Depending on definition, overall reported frequency of multiple primary cancers varies between 2.4% and 17% [7]. Metachronous primary malignancies are becoming increasingly common because of an increase life expectancy of cancer survivors, greater awareness with improved diagnostic and treatment modalities. In comparison, synchronous tumors occur uncommonly, with the most common site for synchronously existing multiple tumors being the breast. An autopsy series has reported prostate cancer as one of the most common malignancies in patients with multiple primary cancers and also as a frequent incidental autopsy finding in elderly men [8]. First primary malignant tumors (PMTs) were most common in the hematopoietic system and the cervix; second PMTs were most common in lungs and the hematopoietic systems. Second PMTs were less well differentiated than index PMTs [8].

The pathophysiology behind the occurrence of multiple primary malignancies has been theorized to be common carcinogen induced multiple cancers in an exposed epithelial surface, called “field cancerization,” genetic and environmental predisposition to neoplasia [9]. Significant temporal changes have been found in the prevalence of cancer, risk factors such as smoking and obesity in our patient as well as advances in diagnostic sensitivity and improved screening program that lead to more discovery of second or more cancers [10]. The epidemiological factors of multiple primary malignancy includes genetic susceptibility, environmental and lifestyle influences, hormonal factors, immune deficiency and infection, carcinogenic effects resulted from previous cancer treatment, and finally, interaction among all of above factors, leading to cancer development [11],[12],[13].

In patients with lung cancer, the incidence of multiple primaries ranges from 13.4% to 22% [14]. Many second malignancies are related to smoking. Among lung cancer, small cell lung cancer (SCLC) has the highest rate of secondary primaries with 4.46 cases per 100 person-years followed by squamous cell carcinoma and adenocarcinoma with a rate of 3.77 per 100 person-years versus 3.36, respectively [7]. There is no significant association with radiotherapy [15]. The most common second cancer with index lung cancer is within the lung, especially if the first one was a SCLC. Colorectal and bladder cancers are commonly seen as extra-thoracic second malignancies, possibly due to common vulnerability to smoking [7].

Back to our patient, the differential diagnosis would be three primary malignancies or three tumors originating from stem mutation or epigenetic difference caused by genetic aberrations.
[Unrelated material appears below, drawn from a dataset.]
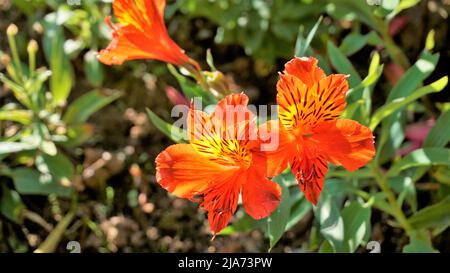 Schöne Blüten von Alstroemeria aurea auch als peruanische Lilie oder goldene Lilie bekannt. Natürlicher grüner Hintergrund Stockfoto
Pancreatic masses are likely metastases from the lung primary or vice versa, thus could not constitute two individual primary tumors based on the definition, meanwhile a multiple primary cancer history was reported to be a common condition among pancreatic cancer [16]. Blood gene sequence needs to be done to prove the stem mutation proposal. Last but not least, different accumulated mutational burdens in two highly differentiated tumors—lung squamous carcinoma and liver neuroendocrine tumor excluded the hypothesis of molecular aberrations causing different morphologies in two tumors. Double primary cancer with one metastasis is a more reasonable diagnosis in this case with three tumors. This assumption also aligned with the NAACCR definition and Warren and Gates criteria that multiple lesions of different histologic types occurring in different sites are considered as separate primaries whether occurring simultaneously or at different time [3],[4].

In a nutshell, multiple primary malignancies are rare entities and this case enforces the possible diagnosis of multiple primary malignancies in patients with high tumor burden. Management of those patients should be individualized based on multidisciplinary collaboration. Further research efforts are warranted to better understand, recognize thus prevent the development of multiple primary malignancies.

In a nutshell, the coexistence of squamous cell carcinoma (SCC) and NET in the one patient is exceedingly rare and might indicate NET may arise from SCC via neuroendocrine differentiation. The paucity of the specimen and rapid course of events limit the ability for further investigation. Germline testing would have been useful to distinguish whether the findings in this patient (TP53 and RB1) are somatic or germline.